Long description

Emotionally sustainable design aims at developing an emotional attachment to our possessions to reduce waste and promote a more sustainable lifestyle. The problem with our current sustainable solutions is that they mostly focus on recycling. As a result, consumers use recycling as an excuse to waste more. As designers, opting for eco-friendly and recyclable materials is not enough to break the never-ending cycle of purchasing and discarding possessions that are still perfectly functional.

The core of this problem lies in consumer behavior and bad habits. We constantly want to buy “new and shiny” things and find joy in the novelty they provide. We discover these objects, understand how they work, use them a few times until we no longer find them exciting.

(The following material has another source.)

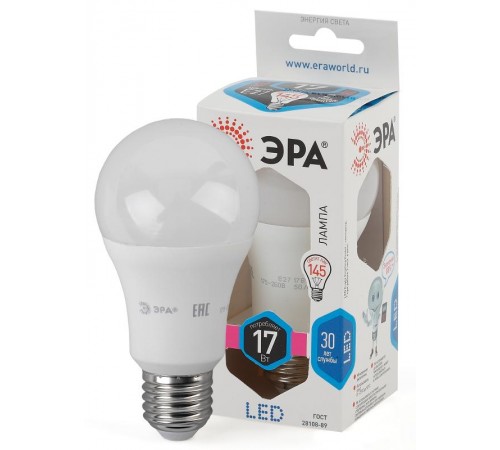 Лампа светодиодная LED 17Вт Е27 4000К A60-17W-840-E27  Б0031700  ЭРА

This leads to boredom and the eventual discarding of these once prized possessions.

This project is an experiment that tests the effects of empathy on the consumer. The product possesses all the fundamental characteristics that unconsciously incite the end-user to sustain an emotional attachment towards it: it evolves over time with user interaction enabling a user-object bond. The focus of this experiment is on the package rather than the product to discourage the user to discard it after purchasing, which consequently prolongs its life cycle.

This experiment is conducted with a cooking knife and its packaging, and could be a measuring ground for future explorations of emotionally sustainable solutions in fields such as fashion, furniture, or technology.